The Camp Site Check List
Setting camp should become a routine in which everybody in the family knows their job. But there are certain disciplines that should be noted on your Camp Set Up Check List that you absolutely never overlook. Obviously you are going to set up your tent and lay out your gear to turn an empty camp site into a home. But before the site is picked or the tents go up, you will need to inspect the area to assure you are camping on high ground to avoid flooding and that you aren’t pitching your tent over a fire ant colony. The fire ring should be built and fire wood collected and put under protection from a heavy due or rain so you can have a nice morning fire if you want one. The rituals of setting camp will evolve as you get better at camping so this check list is a good one to protect in a plastic sleeve or laminate so it can live in camp and be there to remind you of every safety and convenience precaution you should take to assure you have a great camp out experience.
The Daily Check List
This is another camping check list that does better if it is protected as you will need it handy to remember each day’s essential duties. Each morning you can assemble your “crew” and go through their assignments of the day. The kids may be sent out to get more firewood and the adults might inspect the tents to make any minor repairs if there were problems in the night. Changes to the camp site lay out may be desired if problems were discovered after the first night’s sleep outdoors. Daily cleaning, preparation for each meal and security duties that must be done faithfully each day should be given a priority position on your daily in-camp check list.
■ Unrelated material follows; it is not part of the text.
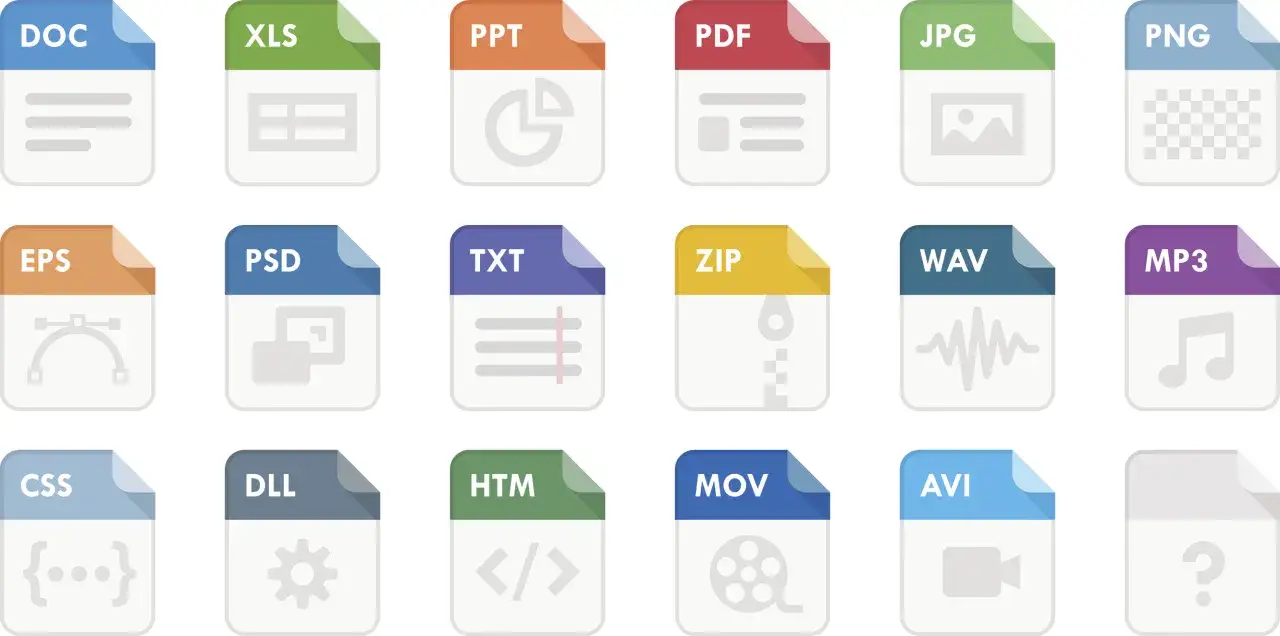 Eine Tabelle mit verschiedenen Dateiendungen wie DOC, XLS, PDF, JPG, PNG, MP3 und mehr, die verschiedene Dateitypen repr&auml;sentieren.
The Return Home Check List
When you get home, everybody will be tired and want little more than a good shower and to sit in their favorite chair. The kids will be eager to see television again or to get on the computer to get caught up with their online emails and blogs. But before anyone can be released to “become civilized” again, gear must be stored, cleaned and the remains of the camp out must be taken care of. If you brought trash home, that should be properly disposed of and the vehicle will probably need to be cleaned. It is important that everybody knows that the camp out isn’t over until everything is put away, clean, repaired and ready to be used again next time.
Well thought out preparation for your campout both before, during and after the trip will not only reduce stress tremendously during the adventure, it will make you better campers and better prepared for anything that can come up while living in the wilderness. And it will ease your anxiety when you think, “What was that thing we forgot to bring last time?” By keeping your check lists updated and refreshed with your newest camping experience, you will know that your preparations are as good as they can be and head out for your adventure with confidence.